“Frustrating and meandering” – Peaces by Helen Oyeyemi

IMG_8Nov2021at114356Where to start with this one? Well, in all honesty, after reading Peaces, it probably makes sense to start with a tangent. So I will. But, unlike Helen Oyeyemi in Peaces, I will try to keep that tangent relevant. This tangent will be about an earlier book by Oyeyemi  – a book that I raved about on this very site, a book that I loved, a book that made me feel I had found another author to add to my list of must reads for every novel. Boy, Snow, Bird was a magical, fantastical, and oddball work of fiction – but also one that had a hell of a lot to say. I couldn’t recommend it more highly. And as always happens when I discover a writer part way through their career, I returned to one of her earlier works (Mr Fox). After reading that novel I told myself that it was okay that I found it patchy and incohesive, because she had obviously upped her game by the time of Boy, Snow, Bird.

Anyway. Tangent over. But why start with a tangent in the first place, I hear you ask? Well I just finished Peaces and I am unsure whether I will ever be able to think in anything other than tangents for the rest of my life. Peaces is so full of tangents, that I am struggling to tell you what the story was. A couple are on their honeymoon (but they aren’t on their honeymoon) after getting married (but they didn’t get married), and their honeymoon is on a train (which doesn’t really seem much like a train when you read about it) and they have been invited onto this luxury train by someone they know (although they’ve never met this person) and really it is all some kind of ploy by a person who doesn’t seem to actually exist (although he does exist, I think, by the end).

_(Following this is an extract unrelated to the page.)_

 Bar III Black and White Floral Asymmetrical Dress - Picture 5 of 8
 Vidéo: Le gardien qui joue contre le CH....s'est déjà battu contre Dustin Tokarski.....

Something like that, anyway. Honestly, I cannot tell you much more than that in terms of the plot. By the time one of the protagonists started furiously wanking in a train carriage I was so lost I could barely remember what I was reading.

And what a shame that is. Because Oyeyemi can clearly write. I don’t have to go back to Boy, Snow Bird, to see that. Peaces has patches of great writing, sentences that could cut through glass, and the occasional piece of hilarious dialogue. But then there’d be a chapter about two mongooses falling in love and all the good work would be torn down.

Any Cop?: I hate to be so negative about any novel, but the job of a reviewer is to tell the truth. And I found this to be such a frustrating and meandering read that there really isn’t much else I can say. Read Boy, Snow, Bird instead.